═════ Supplied data ═════
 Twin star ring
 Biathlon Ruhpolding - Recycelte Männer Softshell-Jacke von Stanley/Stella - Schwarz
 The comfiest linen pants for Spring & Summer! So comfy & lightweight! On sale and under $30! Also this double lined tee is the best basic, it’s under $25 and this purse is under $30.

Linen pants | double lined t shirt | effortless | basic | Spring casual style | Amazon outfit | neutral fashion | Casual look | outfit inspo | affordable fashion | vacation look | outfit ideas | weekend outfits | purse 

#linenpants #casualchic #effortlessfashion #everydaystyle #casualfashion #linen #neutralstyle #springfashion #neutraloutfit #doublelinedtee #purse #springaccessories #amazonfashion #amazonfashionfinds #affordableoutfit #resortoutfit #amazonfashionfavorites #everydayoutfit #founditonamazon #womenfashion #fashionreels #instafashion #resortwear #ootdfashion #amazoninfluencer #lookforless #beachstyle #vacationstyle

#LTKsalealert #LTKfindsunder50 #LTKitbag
═════
═════ Supplied data ═════
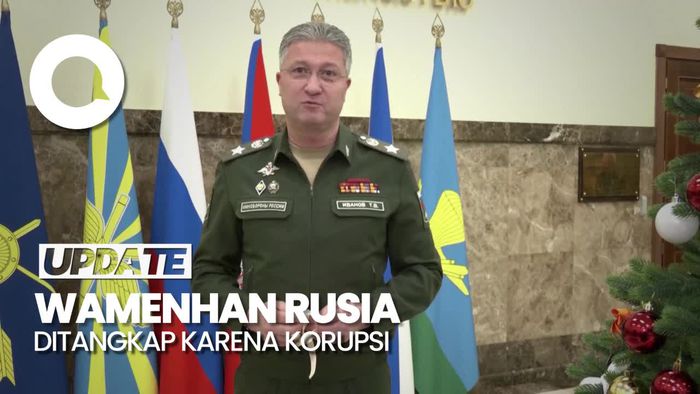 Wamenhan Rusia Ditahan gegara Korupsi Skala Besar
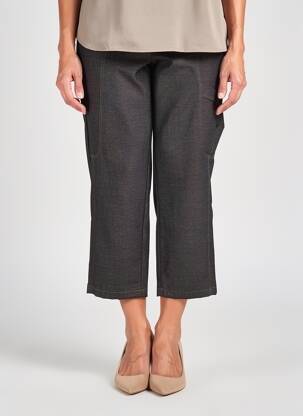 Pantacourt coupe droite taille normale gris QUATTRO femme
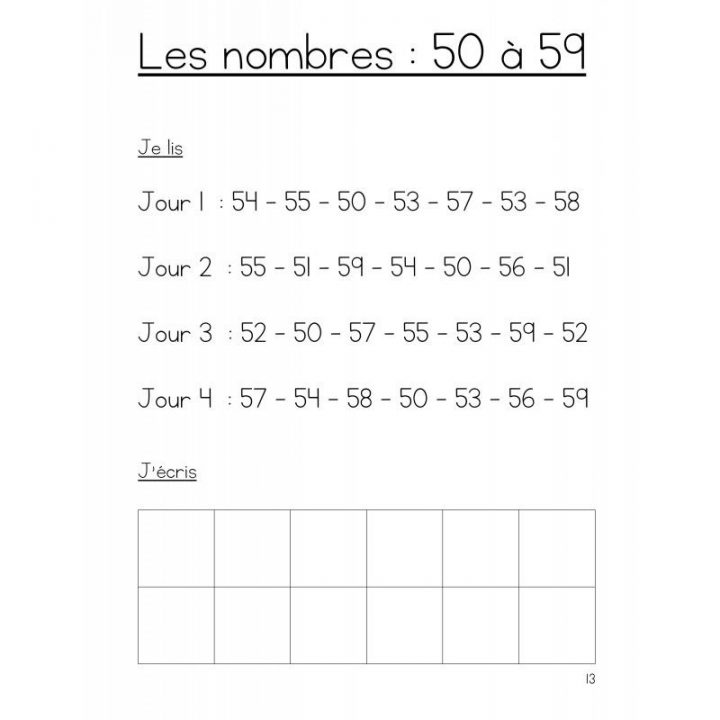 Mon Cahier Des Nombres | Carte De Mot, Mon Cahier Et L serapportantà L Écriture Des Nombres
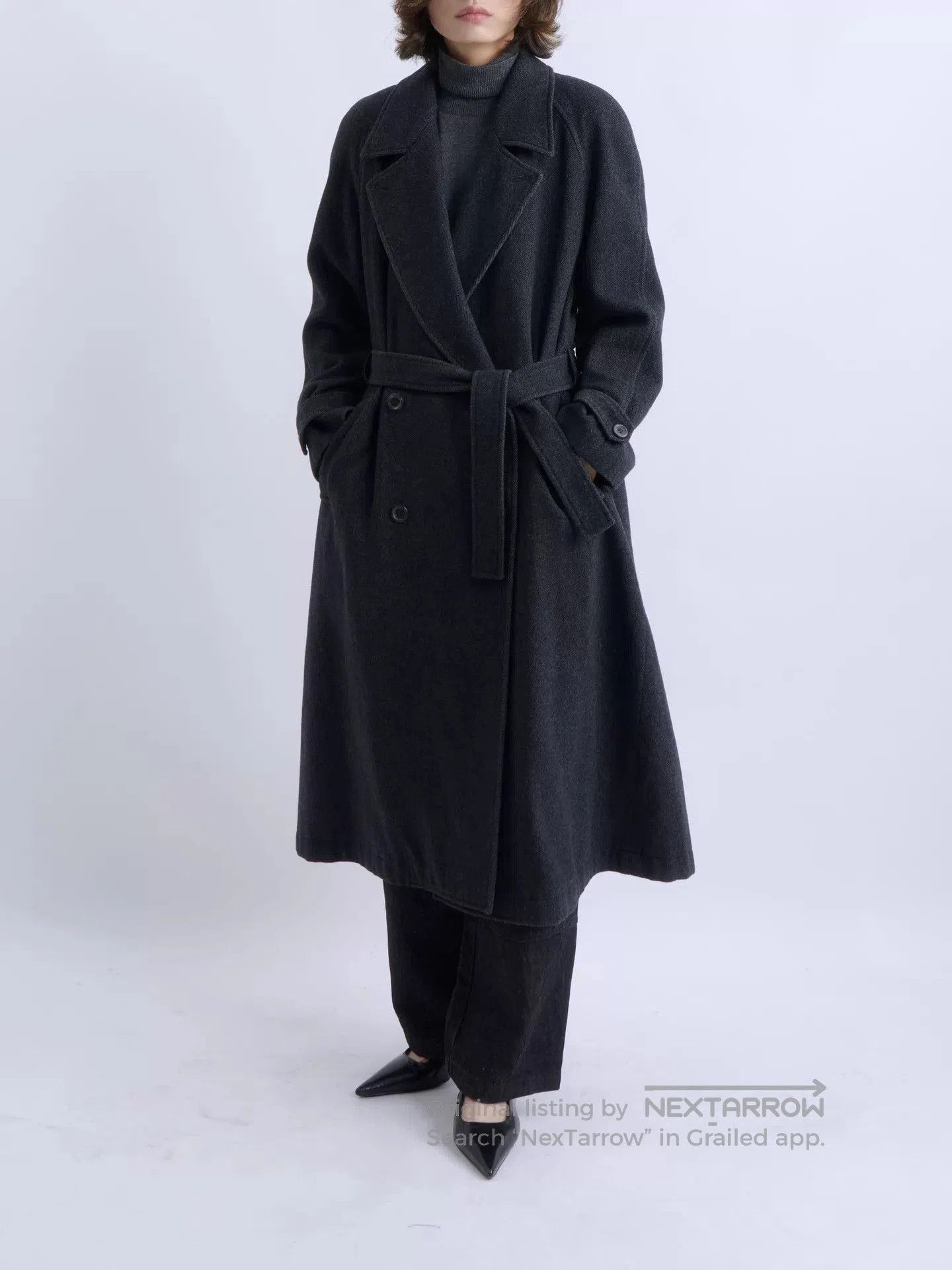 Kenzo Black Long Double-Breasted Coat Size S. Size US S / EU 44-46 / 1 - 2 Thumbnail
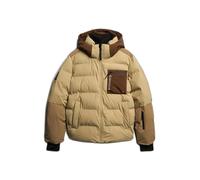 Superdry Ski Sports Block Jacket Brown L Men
═════
═════ Supplied data ═════
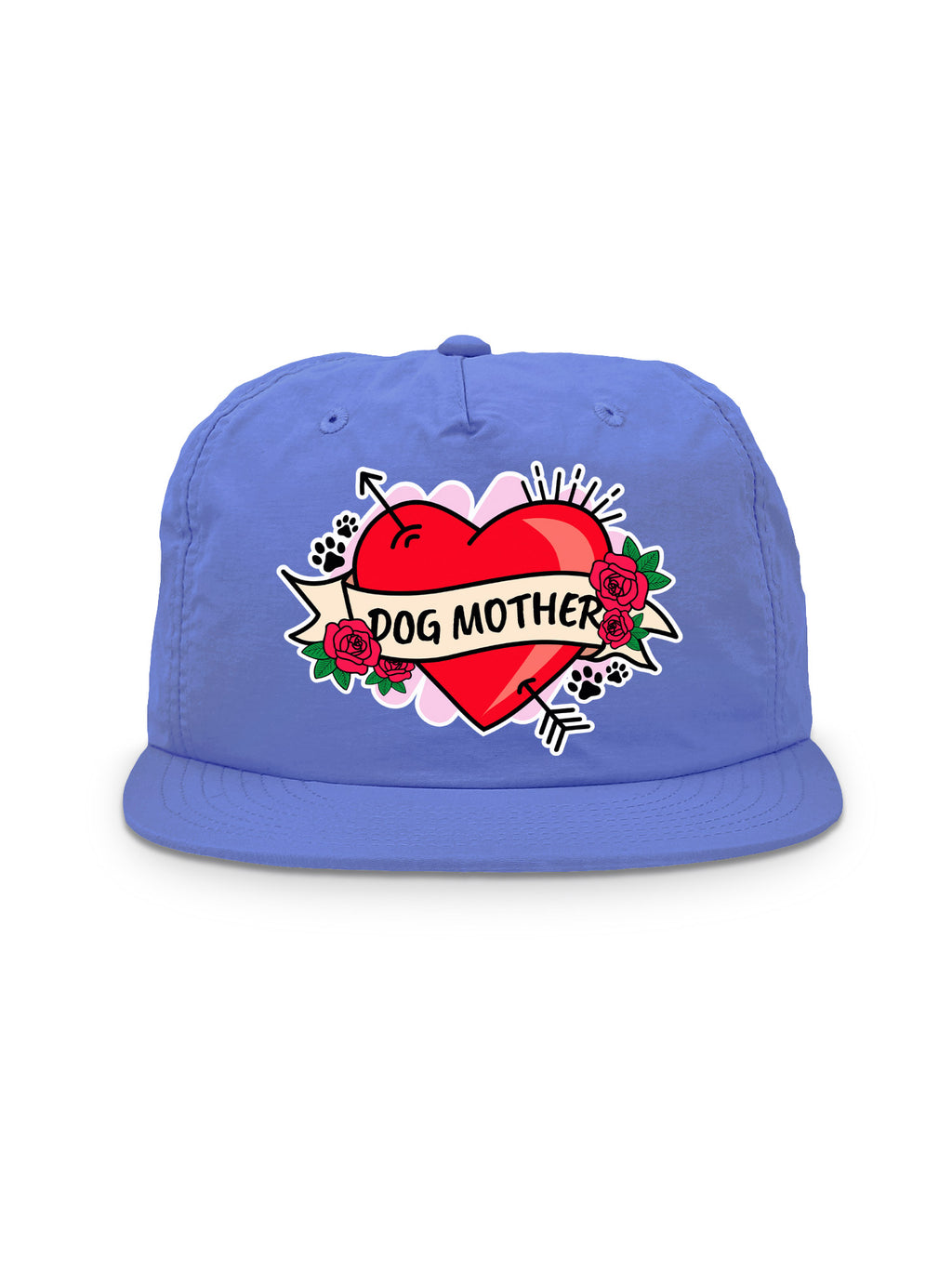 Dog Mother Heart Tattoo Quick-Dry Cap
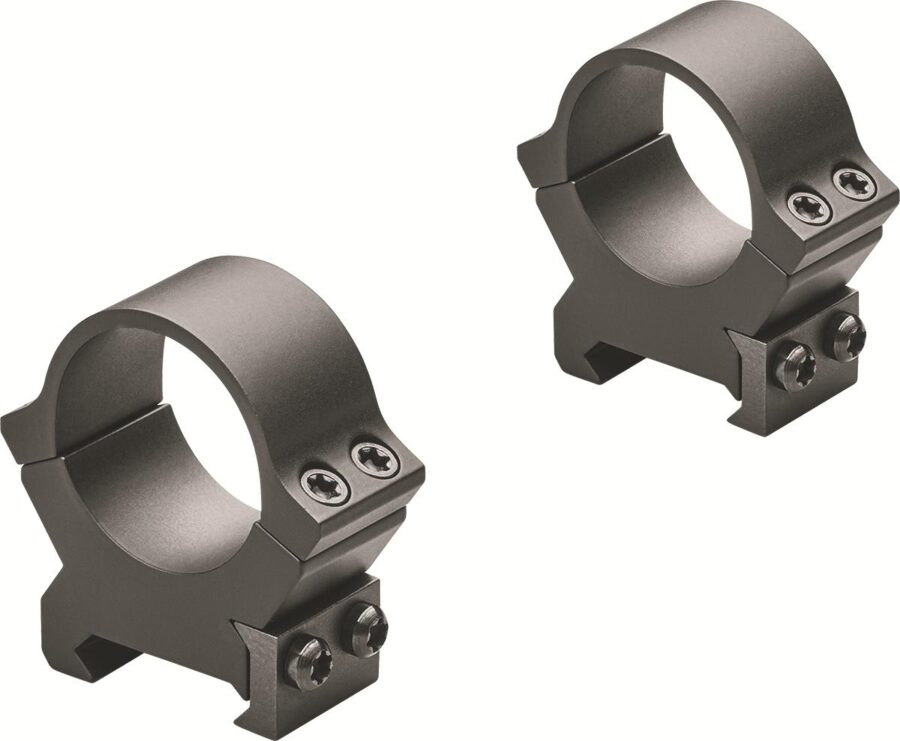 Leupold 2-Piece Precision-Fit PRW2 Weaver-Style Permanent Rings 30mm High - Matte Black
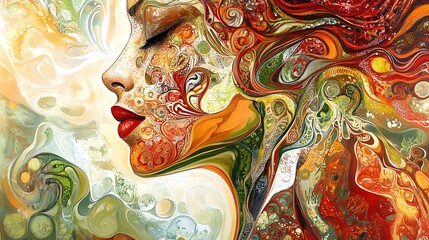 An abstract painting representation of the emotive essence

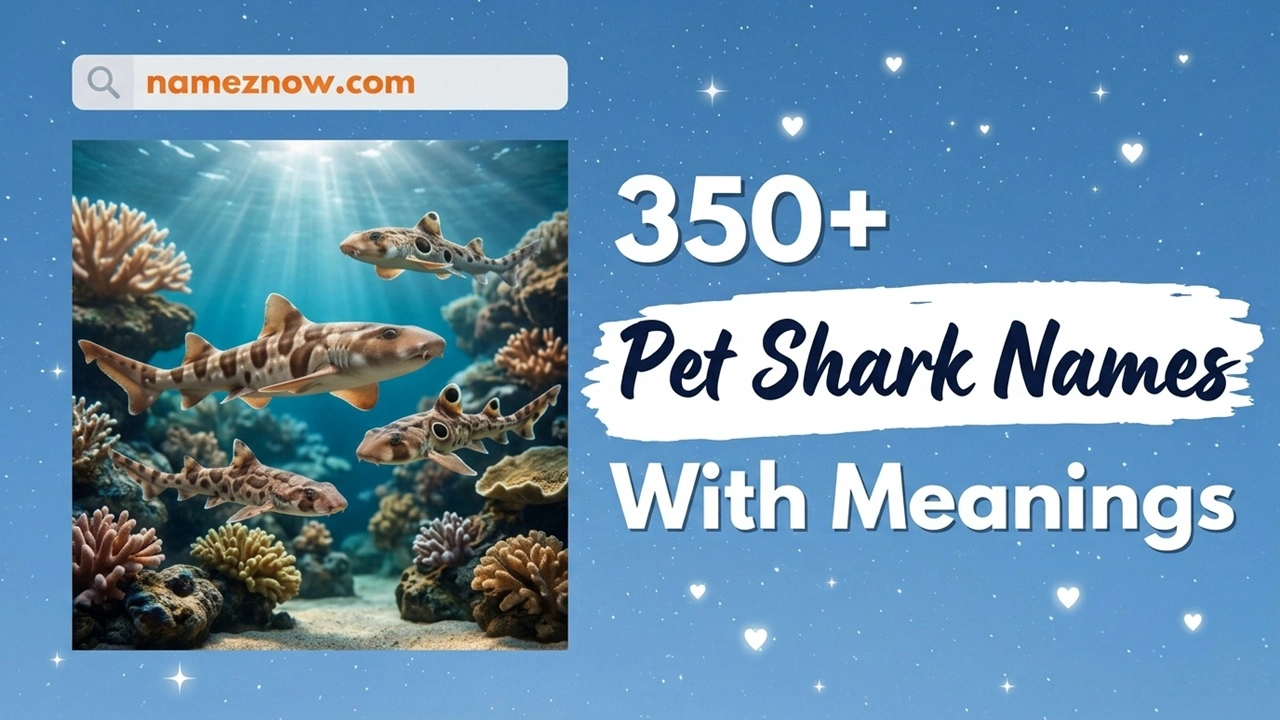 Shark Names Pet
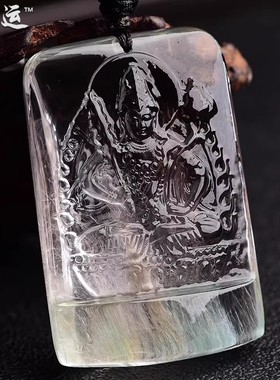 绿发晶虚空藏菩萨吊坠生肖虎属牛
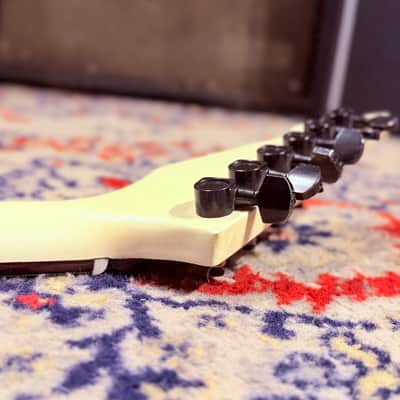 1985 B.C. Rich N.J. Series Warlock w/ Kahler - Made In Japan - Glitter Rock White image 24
═════
> [Work item]: Using the listing above, return all lines where the word "basic" occurs.

> [Result below]:
 The comfiest linen pants for Spring & Summer! So comfy & lightweight! On sale and under $30! Also this double lined tee is the best basic, it’s under $25 and this purse is under $30.
Linen pants | double lined t shirt | effortless | basic | Spring casual style | Amazon outfit | neutral fashion | Casual look | outfit inspo | affordable fashion | vacation look | outfit ideas | weekend outfits | purse 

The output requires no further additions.